Demolition derbies, which are a US invention, first began in the 1950s, and may have occurred even earlier. They are a public event that makes use of older cars that are junked, for the sole purpose of doing as much damage to these cars as possible. The demolition derby could be describes as real life bumper cars with real danger. Drivers specifically ram into each other to destroy other cars when they can. A winner of a demolition derby is usually the person whose car is still running by the end of a derby.
It’s unclear why these derbies are so popular. Fans cite that the destruction of cars, and the accidents in a relatively “safe” environment are fascinating and exciting to watch. There are occasional accidents resulting in major injuries, and some drivers may sustain small injuries. Some precautions are taken, like installing special seatbelts in cars and removing all glass parts from the cars, like mirrors and windows, so that glass injuries don’t take place.
Europeans have demolition derbies too, and they are particularly popular in the UK, where they may be called banger races. Concern abut the amount of pollution from spilling gasoline, motor oil, and auto parts has led to some European nations barring the demolition derby as bad for the environment. Further, many derbies feature cars that cannot pass smog testing, and this too remains a concern.
Demolition derbies normally take place between cars built in the 1960-70s, with the Chrysler Imperial® being considered one of the ultimate cars for drivers when they want to demolish other cars. The trend toward building compact cars in the 1980s has often lead to special “compact car” events. It would be unsafe, and usually unfair to expect a compact car to compete against the sedans and station wagons built earlier. Another popular event at demolition derbies is the destruction of old school buses, making the derbies quite popular with children.
There are a number of varieties of the demolition derby. Sometimes cars are demolished using tractors or monster trucks during Monster Truck rallies. Minivan demolition derbies have also become popular given the high number of them owned by people.
As a sport, the demolition derby has been a popular one, with some telecasts of events throughout the years. Most often, people prefer to see a derby live. They may take place at fairgrounds, during country fairs or events and provide great entertainment.

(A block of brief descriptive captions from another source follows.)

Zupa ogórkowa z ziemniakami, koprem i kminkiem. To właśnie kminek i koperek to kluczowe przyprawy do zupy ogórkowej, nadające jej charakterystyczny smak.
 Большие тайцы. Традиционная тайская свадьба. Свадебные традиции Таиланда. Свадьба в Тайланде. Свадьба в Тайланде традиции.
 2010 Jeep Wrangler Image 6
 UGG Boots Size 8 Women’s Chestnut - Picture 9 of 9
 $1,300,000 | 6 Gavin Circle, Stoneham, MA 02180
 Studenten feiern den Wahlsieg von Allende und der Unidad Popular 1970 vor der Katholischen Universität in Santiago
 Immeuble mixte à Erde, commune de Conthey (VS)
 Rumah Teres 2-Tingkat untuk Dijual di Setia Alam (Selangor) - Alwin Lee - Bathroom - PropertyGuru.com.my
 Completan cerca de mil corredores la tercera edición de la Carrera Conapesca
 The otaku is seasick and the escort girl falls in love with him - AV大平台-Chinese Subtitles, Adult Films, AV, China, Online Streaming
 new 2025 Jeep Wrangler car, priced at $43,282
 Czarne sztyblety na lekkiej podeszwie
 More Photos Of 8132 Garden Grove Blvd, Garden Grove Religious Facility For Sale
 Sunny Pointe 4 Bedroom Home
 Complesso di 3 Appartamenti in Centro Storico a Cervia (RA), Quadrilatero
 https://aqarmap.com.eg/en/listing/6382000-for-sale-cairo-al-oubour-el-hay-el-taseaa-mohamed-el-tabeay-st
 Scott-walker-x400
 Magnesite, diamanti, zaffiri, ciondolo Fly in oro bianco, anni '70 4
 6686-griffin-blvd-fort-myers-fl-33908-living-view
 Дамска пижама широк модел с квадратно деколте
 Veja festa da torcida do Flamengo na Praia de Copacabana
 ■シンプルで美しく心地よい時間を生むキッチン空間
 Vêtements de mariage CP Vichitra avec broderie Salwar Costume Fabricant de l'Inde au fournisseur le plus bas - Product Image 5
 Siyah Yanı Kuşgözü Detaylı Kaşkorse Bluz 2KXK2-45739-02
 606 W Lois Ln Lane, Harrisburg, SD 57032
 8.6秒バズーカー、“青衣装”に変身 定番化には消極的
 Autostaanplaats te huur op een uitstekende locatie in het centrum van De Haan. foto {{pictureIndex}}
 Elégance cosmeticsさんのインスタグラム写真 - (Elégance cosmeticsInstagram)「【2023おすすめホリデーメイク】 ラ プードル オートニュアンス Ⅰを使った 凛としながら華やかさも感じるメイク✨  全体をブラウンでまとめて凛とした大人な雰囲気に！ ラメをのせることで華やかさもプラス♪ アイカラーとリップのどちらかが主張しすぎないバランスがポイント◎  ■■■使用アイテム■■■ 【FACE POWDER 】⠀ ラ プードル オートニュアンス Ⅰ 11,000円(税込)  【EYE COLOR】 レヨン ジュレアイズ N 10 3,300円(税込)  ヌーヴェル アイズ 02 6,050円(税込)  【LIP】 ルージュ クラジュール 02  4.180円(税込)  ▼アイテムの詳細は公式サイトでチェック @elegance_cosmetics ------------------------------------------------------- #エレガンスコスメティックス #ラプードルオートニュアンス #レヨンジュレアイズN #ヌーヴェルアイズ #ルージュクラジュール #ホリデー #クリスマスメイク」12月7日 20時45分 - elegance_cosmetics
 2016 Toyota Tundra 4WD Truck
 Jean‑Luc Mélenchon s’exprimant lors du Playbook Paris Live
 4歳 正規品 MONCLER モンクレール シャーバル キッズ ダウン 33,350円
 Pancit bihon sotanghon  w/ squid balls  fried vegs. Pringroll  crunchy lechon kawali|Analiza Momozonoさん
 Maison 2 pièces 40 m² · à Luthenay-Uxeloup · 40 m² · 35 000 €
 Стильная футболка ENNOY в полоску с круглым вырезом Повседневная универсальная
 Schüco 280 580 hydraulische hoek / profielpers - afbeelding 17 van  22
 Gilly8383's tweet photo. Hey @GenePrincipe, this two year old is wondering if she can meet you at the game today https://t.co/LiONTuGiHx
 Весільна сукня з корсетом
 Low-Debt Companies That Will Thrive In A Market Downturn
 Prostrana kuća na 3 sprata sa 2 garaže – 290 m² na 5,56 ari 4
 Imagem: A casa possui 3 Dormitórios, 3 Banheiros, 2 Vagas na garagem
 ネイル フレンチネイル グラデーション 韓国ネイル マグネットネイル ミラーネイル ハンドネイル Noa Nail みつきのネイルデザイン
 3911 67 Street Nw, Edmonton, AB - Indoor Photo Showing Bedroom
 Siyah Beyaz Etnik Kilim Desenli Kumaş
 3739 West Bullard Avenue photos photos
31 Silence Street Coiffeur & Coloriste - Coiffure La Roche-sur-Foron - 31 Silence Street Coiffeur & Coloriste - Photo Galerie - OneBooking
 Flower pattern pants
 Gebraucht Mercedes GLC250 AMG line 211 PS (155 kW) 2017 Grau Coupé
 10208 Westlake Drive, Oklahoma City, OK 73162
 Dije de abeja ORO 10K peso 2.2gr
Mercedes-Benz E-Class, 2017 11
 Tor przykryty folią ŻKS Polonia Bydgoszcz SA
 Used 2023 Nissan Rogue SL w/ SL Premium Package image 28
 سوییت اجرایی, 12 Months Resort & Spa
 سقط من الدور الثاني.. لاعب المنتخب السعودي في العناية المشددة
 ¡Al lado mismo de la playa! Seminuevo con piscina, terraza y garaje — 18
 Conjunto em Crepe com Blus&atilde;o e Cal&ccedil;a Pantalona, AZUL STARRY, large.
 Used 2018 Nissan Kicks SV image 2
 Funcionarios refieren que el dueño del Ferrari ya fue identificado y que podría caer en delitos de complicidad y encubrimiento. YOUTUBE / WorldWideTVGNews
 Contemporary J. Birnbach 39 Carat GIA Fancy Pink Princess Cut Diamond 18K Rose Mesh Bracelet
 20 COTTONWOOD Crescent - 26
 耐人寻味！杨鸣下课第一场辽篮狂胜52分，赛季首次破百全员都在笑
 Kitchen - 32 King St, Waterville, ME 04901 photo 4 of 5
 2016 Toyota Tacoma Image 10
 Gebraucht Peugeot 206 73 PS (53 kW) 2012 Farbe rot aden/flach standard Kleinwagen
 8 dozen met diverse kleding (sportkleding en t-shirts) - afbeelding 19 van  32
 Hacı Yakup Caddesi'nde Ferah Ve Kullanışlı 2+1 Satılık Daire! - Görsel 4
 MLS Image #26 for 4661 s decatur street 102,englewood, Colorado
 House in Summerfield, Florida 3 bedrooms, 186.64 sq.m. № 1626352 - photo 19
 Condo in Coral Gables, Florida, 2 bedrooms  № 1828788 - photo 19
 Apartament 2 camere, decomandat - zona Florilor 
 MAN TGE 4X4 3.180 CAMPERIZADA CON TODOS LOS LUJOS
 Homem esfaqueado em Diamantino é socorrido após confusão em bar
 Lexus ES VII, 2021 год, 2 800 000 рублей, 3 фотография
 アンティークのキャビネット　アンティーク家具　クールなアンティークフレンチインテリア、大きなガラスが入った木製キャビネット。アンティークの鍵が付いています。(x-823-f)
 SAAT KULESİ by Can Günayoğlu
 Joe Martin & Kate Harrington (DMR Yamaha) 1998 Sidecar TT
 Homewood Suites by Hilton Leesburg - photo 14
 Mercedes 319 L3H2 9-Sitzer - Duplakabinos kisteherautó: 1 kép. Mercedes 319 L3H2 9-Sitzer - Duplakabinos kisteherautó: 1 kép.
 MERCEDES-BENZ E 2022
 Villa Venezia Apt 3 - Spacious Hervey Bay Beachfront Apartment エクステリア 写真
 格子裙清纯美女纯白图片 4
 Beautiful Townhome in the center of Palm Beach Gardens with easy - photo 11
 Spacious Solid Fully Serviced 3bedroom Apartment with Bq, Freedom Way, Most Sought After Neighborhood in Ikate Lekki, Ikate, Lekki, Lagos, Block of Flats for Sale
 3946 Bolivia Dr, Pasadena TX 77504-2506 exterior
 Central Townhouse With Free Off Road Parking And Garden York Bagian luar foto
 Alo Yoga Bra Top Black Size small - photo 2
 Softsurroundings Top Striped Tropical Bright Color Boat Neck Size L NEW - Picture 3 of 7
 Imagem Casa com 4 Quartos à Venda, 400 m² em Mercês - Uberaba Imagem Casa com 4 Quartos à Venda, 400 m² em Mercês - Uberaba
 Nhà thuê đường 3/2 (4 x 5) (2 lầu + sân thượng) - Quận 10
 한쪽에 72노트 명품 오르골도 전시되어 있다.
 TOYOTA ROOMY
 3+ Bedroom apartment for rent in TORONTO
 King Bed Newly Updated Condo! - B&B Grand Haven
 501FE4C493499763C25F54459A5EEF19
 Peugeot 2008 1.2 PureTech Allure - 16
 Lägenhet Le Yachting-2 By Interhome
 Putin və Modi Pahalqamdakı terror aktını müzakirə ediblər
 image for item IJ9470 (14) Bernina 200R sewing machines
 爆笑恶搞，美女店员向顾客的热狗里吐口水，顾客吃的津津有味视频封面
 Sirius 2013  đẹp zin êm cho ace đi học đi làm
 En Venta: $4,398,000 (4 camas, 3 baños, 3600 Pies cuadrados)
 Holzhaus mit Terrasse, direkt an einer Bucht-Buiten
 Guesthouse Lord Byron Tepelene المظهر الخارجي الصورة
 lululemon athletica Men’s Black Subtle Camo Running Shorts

Perhaps some of the thrill of the demolition derby is seeing the destruction of things we are all too familiar with, the automobile. With more and more people commuting in cars and spending so much time in them, seeing these things destroyed may be a cathartic experience. They demonstrated at once the power of the automobile and its restrictive and confining qualities. On the other hand, fans of demolition derbies may just enjoy the crash and clang of metal, and be there to see a good smash up of cars in a fairly safe manner.